Planet watching is exciting this month as Jupiter and Saturn draw closer to each other for December’s great conjunction. Start watching them evenings just east of Sagittarius. Each planet is moving toward Capricornus. Jupiter is moving eastward faster than Saturn and will catch up to it a few days before the end of the year for the closest conjunction the two objects have had in almost four centuries. The moon will pass by the planets on the 22nd and 23rd. Also out there, between Jupiter and Saturn, is Pluto.
Mars is moving from between the fish in Pisces to alongside the southern fish. It’s at opposition on the 14th 0.42 astronomical units from Earth.

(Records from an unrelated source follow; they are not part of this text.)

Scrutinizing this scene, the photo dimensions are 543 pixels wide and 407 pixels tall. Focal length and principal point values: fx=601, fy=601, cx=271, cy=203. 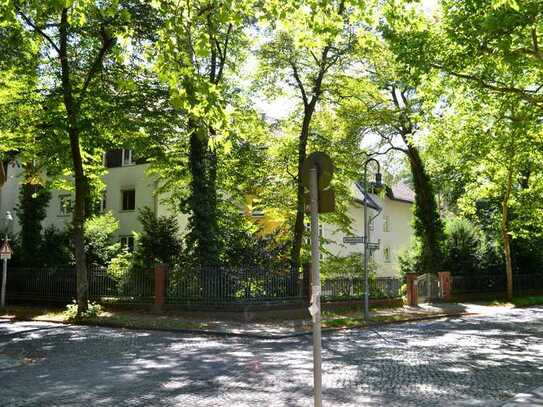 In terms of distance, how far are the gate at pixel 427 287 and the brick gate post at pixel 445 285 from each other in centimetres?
35

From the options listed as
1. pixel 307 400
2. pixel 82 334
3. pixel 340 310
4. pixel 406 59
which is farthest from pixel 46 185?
pixel 307 400

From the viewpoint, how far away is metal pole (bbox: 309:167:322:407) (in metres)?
5.87

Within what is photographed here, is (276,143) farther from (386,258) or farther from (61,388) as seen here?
(386,258)

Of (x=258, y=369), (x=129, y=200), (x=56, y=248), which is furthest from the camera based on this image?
(x=129, y=200)

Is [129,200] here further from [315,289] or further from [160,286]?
[315,289]

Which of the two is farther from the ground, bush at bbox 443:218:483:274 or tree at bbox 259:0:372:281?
tree at bbox 259:0:372:281

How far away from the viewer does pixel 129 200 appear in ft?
126

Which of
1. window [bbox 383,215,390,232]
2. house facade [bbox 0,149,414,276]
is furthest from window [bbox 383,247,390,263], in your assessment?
window [bbox 383,215,390,232]

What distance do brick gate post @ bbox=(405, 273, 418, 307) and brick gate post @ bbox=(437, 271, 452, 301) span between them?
340 centimetres

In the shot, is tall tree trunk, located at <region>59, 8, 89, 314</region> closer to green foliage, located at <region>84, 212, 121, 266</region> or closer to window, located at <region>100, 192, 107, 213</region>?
green foliage, located at <region>84, 212, 121, 266</region>

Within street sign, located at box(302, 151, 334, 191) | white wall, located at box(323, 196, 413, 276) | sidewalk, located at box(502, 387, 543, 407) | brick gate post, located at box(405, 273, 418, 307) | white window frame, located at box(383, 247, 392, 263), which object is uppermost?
white wall, located at box(323, 196, 413, 276)

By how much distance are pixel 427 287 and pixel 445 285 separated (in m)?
2.06

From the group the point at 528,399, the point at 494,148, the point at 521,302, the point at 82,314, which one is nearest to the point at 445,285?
the point at 521,302

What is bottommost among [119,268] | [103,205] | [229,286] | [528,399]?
[528,399] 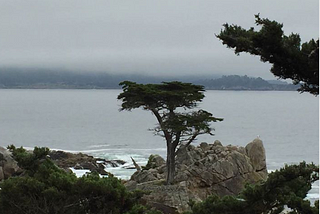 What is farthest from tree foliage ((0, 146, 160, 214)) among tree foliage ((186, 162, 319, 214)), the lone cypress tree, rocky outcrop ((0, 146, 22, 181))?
rocky outcrop ((0, 146, 22, 181))

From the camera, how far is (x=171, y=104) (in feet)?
74.7

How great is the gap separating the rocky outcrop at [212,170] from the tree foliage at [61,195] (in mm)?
11071

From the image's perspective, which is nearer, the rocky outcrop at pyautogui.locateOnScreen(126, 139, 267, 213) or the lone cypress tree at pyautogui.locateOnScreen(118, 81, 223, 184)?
the lone cypress tree at pyautogui.locateOnScreen(118, 81, 223, 184)

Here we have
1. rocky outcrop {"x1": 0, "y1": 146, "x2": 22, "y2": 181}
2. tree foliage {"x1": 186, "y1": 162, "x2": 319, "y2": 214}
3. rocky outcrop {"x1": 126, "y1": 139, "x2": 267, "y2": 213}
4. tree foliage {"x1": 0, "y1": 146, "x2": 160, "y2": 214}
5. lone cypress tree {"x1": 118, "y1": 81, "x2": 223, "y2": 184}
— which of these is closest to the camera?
tree foliage {"x1": 186, "y1": 162, "x2": 319, "y2": 214}

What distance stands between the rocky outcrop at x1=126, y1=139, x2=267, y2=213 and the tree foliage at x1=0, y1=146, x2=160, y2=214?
36.3ft

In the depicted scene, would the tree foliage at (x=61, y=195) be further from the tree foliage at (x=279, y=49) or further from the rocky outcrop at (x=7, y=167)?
the rocky outcrop at (x=7, y=167)

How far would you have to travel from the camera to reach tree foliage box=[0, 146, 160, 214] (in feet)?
35.0

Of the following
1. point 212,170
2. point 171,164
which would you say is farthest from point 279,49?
point 212,170

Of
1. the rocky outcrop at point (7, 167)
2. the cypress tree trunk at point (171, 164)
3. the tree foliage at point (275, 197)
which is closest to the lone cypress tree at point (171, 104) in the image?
the cypress tree trunk at point (171, 164)

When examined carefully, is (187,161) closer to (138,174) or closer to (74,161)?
(138,174)

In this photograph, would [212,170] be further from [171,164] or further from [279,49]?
[279,49]

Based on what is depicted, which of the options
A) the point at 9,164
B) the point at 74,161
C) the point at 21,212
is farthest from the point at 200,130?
the point at 74,161

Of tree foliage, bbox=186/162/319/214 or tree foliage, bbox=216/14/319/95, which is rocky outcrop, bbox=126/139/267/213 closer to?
tree foliage, bbox=186/162/319/214

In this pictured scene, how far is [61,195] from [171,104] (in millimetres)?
12500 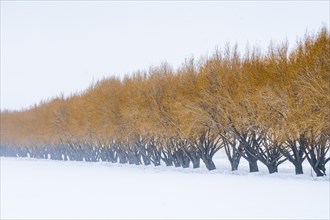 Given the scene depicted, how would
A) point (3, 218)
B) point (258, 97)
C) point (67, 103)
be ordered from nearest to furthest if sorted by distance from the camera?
1. point (3, 218)
2. point (258, 97)
3. point (67, 103)

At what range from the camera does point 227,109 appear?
107 ft

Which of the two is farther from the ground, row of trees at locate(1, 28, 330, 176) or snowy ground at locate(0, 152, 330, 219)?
row of trees at locate(1, 28, 330, 176)

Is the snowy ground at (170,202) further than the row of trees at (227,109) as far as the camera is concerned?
No

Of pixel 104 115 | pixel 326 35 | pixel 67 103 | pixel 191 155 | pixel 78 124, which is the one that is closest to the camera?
pixel 326 35

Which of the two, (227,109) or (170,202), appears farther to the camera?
(227,109)

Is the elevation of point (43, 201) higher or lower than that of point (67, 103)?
lower

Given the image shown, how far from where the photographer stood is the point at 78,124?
202 feet

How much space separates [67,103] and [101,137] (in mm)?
18742

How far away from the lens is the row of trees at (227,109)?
2612cm

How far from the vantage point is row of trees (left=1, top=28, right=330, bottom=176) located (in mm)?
26125

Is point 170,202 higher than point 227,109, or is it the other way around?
point 227,109

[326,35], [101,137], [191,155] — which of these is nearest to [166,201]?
[326,35]

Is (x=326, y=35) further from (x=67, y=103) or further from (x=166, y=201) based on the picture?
(x=67, y=103)

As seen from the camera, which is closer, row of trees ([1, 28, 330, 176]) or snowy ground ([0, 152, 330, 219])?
snowy ground ([0, 152, 330, 219])
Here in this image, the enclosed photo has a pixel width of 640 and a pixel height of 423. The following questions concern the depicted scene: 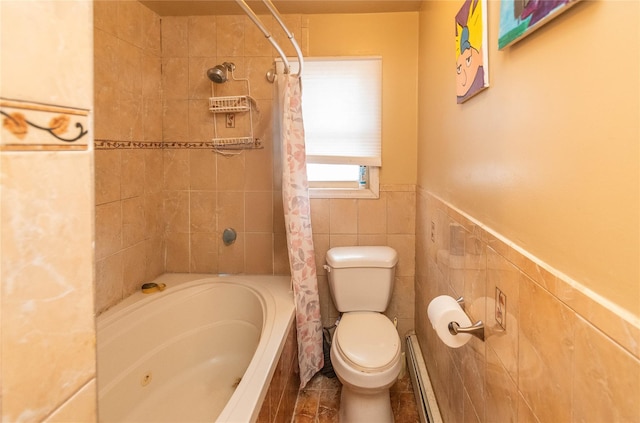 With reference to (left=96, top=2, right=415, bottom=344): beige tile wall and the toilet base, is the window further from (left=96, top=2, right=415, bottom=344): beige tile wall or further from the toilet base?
the toilet base

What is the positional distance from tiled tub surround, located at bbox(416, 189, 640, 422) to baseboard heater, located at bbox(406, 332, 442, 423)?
109 mm

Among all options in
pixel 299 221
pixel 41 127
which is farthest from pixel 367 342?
Result: pixel 41 127

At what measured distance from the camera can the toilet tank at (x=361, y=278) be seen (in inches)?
86.0

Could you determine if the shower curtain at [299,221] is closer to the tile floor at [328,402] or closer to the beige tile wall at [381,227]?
the tile floor at [328,402]

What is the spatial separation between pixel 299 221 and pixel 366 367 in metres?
0.83

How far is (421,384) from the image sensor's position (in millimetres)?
1917

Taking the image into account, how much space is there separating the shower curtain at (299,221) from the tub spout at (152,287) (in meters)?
0.83

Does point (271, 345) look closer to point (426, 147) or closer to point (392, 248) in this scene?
point (392, 248)

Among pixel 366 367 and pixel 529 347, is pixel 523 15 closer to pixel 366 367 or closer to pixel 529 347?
pixel 529 347

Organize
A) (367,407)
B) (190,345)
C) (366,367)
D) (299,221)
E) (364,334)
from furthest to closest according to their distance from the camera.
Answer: (190,345), (299,221), (364,334), (367,407), (366,367)

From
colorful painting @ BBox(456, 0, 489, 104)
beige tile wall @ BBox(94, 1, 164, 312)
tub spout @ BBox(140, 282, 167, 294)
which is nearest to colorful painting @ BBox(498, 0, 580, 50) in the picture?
colorful painting @ BBox(456, 0, 489, 104)

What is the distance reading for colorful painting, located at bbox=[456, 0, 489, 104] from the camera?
1.10 meters

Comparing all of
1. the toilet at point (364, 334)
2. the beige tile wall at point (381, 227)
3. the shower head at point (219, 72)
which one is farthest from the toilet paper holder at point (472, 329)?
the shower head at point (219, 72)

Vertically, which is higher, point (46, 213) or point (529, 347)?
point (46, 213)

That means it’s 42% of the distance from us as we are from the sun on average. Besides being closest to Earth at opposition, it’s opposite the sun. So when the sun sets, the red planet rises and stays up all night until the sun comes up again. It’s a great time to view Mars. If you can’t see Mars that night, don’t worry. The view will be almost as good all this month.
Venus starts the month in Leo and will have a conjunction just 0.1° from Regulus on the 2nd. The best viewing for this is going to be from about 50° to 90° east longitude. Viewers in western Asia and the western part of the Indian Ocean will get a splendid view of Venus one-fifth of a moon width from the bluish double star 79 light years away. Look eastward in the morning. Everyone who’s not in that region will see Venus a little farther from the star before or after the close call.
The moon passes by Venus on the 13th.
Mercury is an evening object in October. For northern hemisphere observers, it’s barely above the horizon in the west. Viewers near the equator and south of it will get a better view this month. The planet’s at greatest elongation 25.8° east of the sun on the 1st. From about 30° south, the planet sets about two hours after the sun on that date. A very thin crescent moon will be right of Mercury on the 17th.
There are two full moons this month. The first is on the 1st. People in cultures that celebrate Halloween will delight in the fact that the second is on the 31st. The phases between them are first quarter on the 9th, new on the 16th, and last quarter on the 23rd.
In addition to a second full moon, October has a second planet at opposition. Viewing that one won’t be as good as for Mars though. Uranus reaches opposition on the 31st. Since it’s just 3° north of the full moon, don’t expect to see this dim planet. At its brightest, Uranus is barely visible with the naked eye. You must have a dark sky and good eyesight to see it. Binoculars will help and, of course, a telescope is better. But for this opposition of Uranus, even if you find it in a telescope, the best view is a week before or after opposition. It’s about 18.8 astronomical units from us.
The moon is at apogee on the 3rd at 406,300 km or 252,500 miles. It’s at perigee on the 16th at 356,900 km or 221,800 miles. And it’s at apogee again on the 31st at 406,500 km or 252,600 miles.
The moon crosses the equator going north on the 2nd, reaches northern lunistice on the 9th, goes south of the equator on the 15th, reaches southern lunistice on the 22nd, and goes north of the equator again on the 29th.
Venus is at perihelion on the 30th. It’s about 0.7 earth-sun distances from the sun.